Leonardo da Vinci - Prophecies PDF Author: Leonardo da Vinci
Publisher: Editora Dipladênia
ISBN: 6599567851
Category : Humor
Languages : en
Pages : 79

Get Book Here

Book Description
The book begins with Prophecies, followed by the Fables on animals, on lifeless objects, on plants, and the Studies on the Life and Habits of Animals, in which Leonardo presents a curious sequence of animals and their description. It ends with the Jests and Tales and the Final Prophecies. Among these delightful and amusing writings, we find satires, fables, aphorisms, anecdotes, prophetic sayings, and enigmatic statements, ingeniously created or reproduced by the unique mind of Leonardo da Vinci.

Leonardo’s Fables

Leonardo’s Fables PDF Author: Giuditta Cirnigliaro
Publisher: BRILL
ISBN: 9004527192
Category : Art
Languages : en
Pages : 270

Get Book Here

Book Description
An exploration of the compositional methods and sources of Leonardo’s fables to investigate their relationship with illustrations and scientific studies.

Leonardo’s Paradox

Leonardo’s Paradox PDF Author: Joost Keizer
Publisher: Reaktion Books
ISBN: 1789141028
Category : Art
Languages : en
Pages : 233

Get Book Here

Book Description
Leonardo da Vinci (1452–1519) was one of the preeminent figures of the Italian Renaissance. He was also one of the most paradoxical. He spent an incredible amount of time writing notebooks, perhaps even more time than he ever held a brush, yet at the same time Leonardo was Renaissance culture’s most fanatical critic of the word. When Leonardo criticized writing he criticized it as an expert on words; when he was painting, writing remained in the back of his brilliant mind. In this book, Joost Keizer argues that the comparison between word and image fueled Leonardo’s thought.
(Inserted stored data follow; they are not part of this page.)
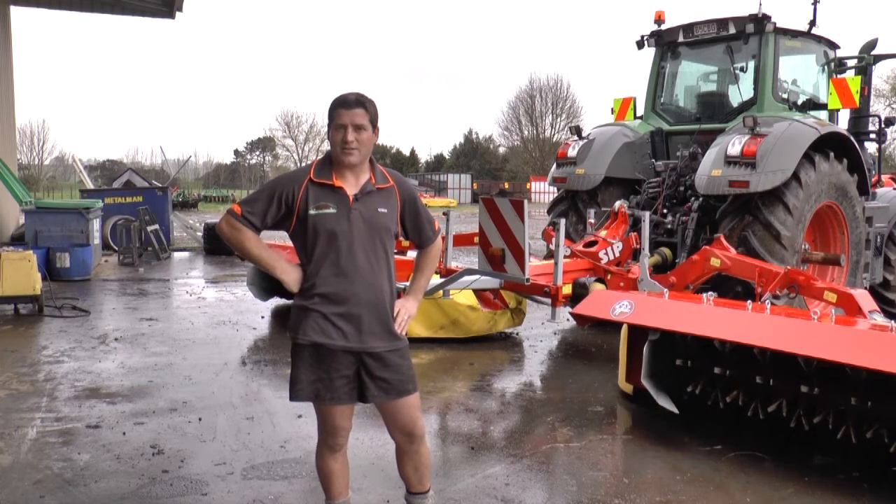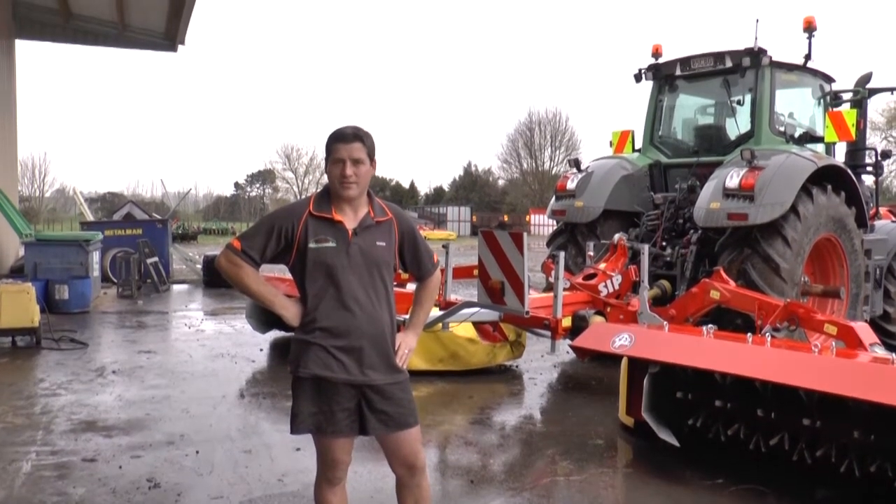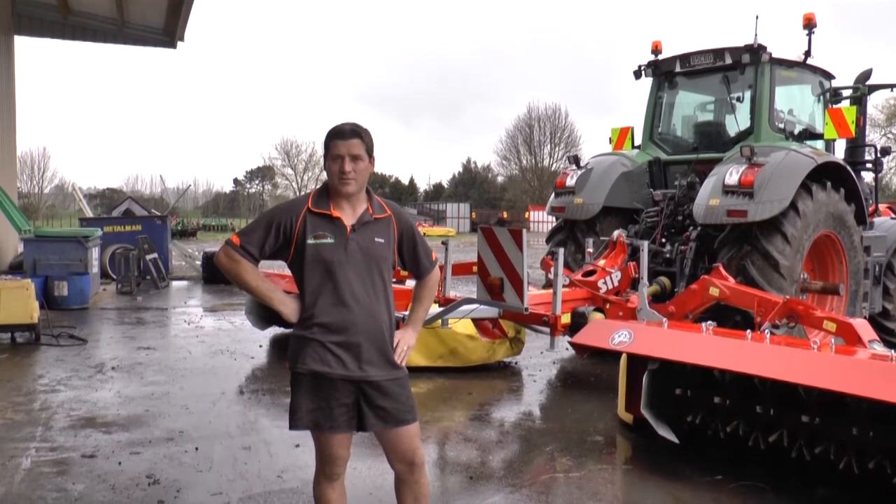G'day, I'm Chris Raymer, Raymer Ag Contracting. We're based in Prong Air, about 10km from Tiamudu.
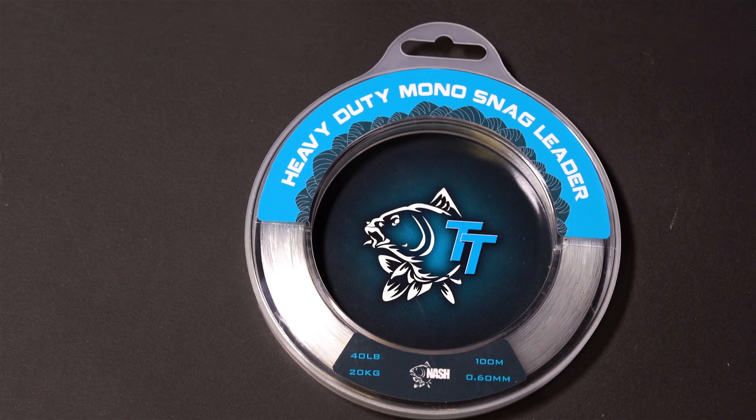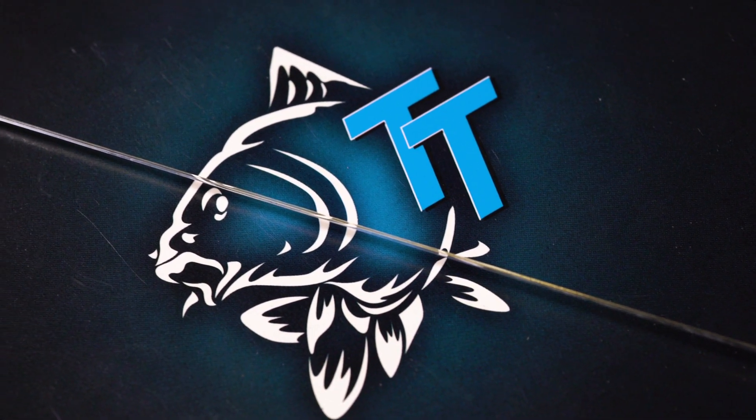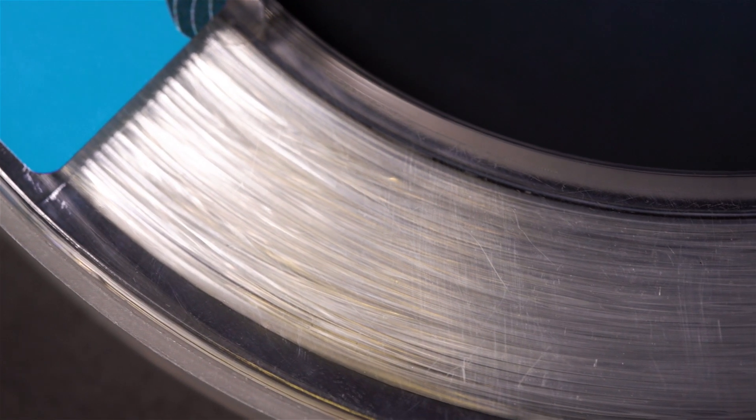Nash Snag Leader. This ultra-tough low memory monofilament snag leader is essential for safely landing carp from the most extreme venues where mussels, weed and snags demand ultra-strong tackle. This highly abrasion resistant leader will help to prevent cut-offs and land more carp in these situations.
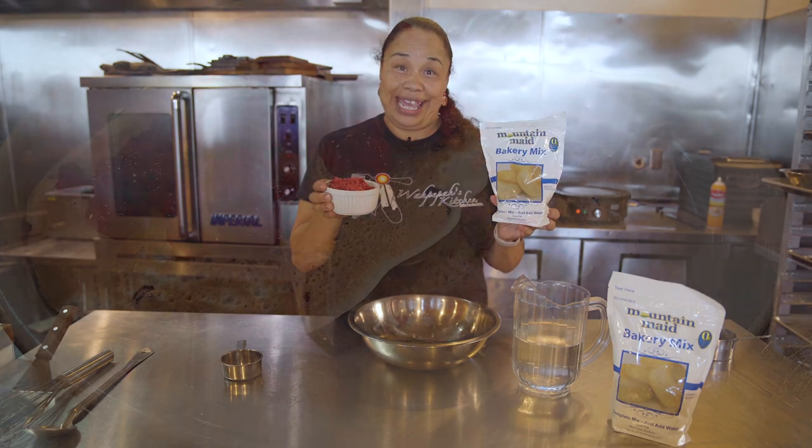Hello, my name is Crystal Wapipaw from Wapipaw's Kitchen located here in Oakland, California. I am Kickapoo and Sac and Fox, and today I am going to make you a bakery mix along with the foraged salmon berry, and we're going to make a quick, easy process of pancakes.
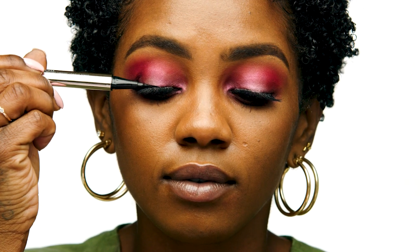Now, to hide that lash band, I'm going to go in with the Fenty Beauty by Rihanna Fly Liner Longwear Liquid Eyeliner in black. For this step I like to look down into a mirror and glide the liner along the lash line, which helps conceal the band and any gaps between your lashes.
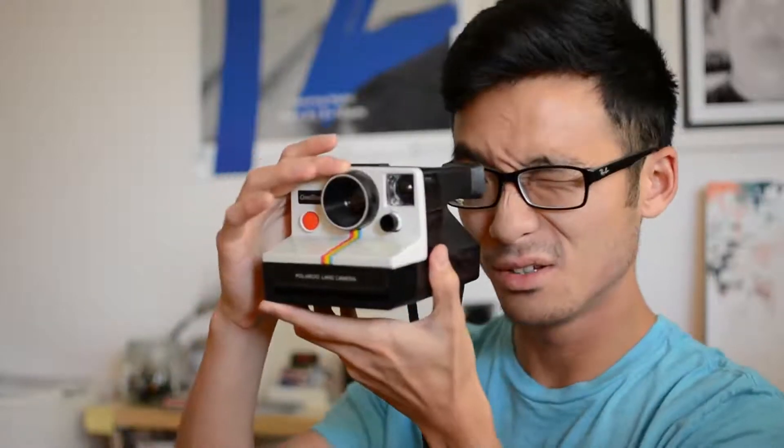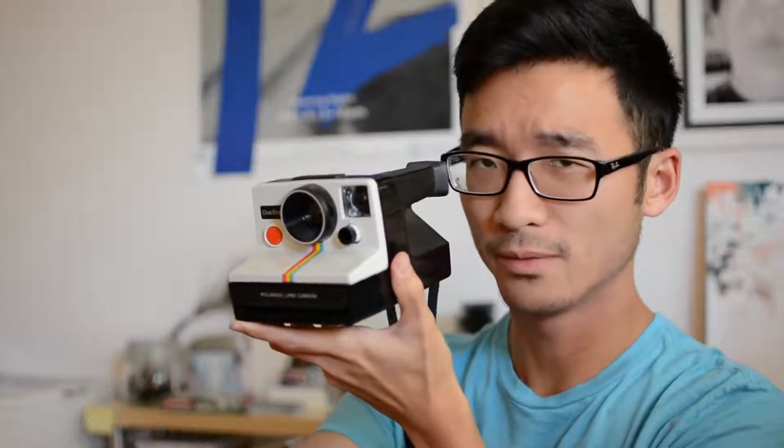It uses the same film as the SX-70, and it's more of a simple point-and-shoot camera. It has an all-plastic body with a plastic lens and an aperture of f/14 or something like that. It's fixed focus, so you don't focus this — there's nothing to do. You just have to make sure your subject is four feet away from you. Anything four feet and beyond is going to be in focus.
The paradoxes at the heart of Leonardo’s ideas and practice also defined some of Renaissance culture’s central assumptions about culture and nature: that there is a look to script, that painting offered a path out of culture and back to nature, that the meaning of images emerged in comparison with words, and that the difference between image-making and writing also amounted to a difference in the experience of time.

Leonardo da Vinci

Leonardo da Vinci PDF Author: Sigmund Freud
Publisher: Routledge
ISBN: 1317914546
Category : Psychology
Languages : en
Pages : 126

Get Book Here

Book Description
Sigmund Freud was already internationally acclaimed as the principal founder of psychoanalysis when he turned his attention to the life of Leonardo da Vinci. It remained Freud’s favourite composition. Compressing many of his insights into a few pages, the result is a fascinating picture of some of Freud’s fundamental ideas, including human sexuality, dreams, and repression. It is an equally compelling – and controversial – portrait of Leonardo and the creative forces that according to Freud lie behind some of his great works, including the Mona Lisa. With a new foreword by Maria Walsh.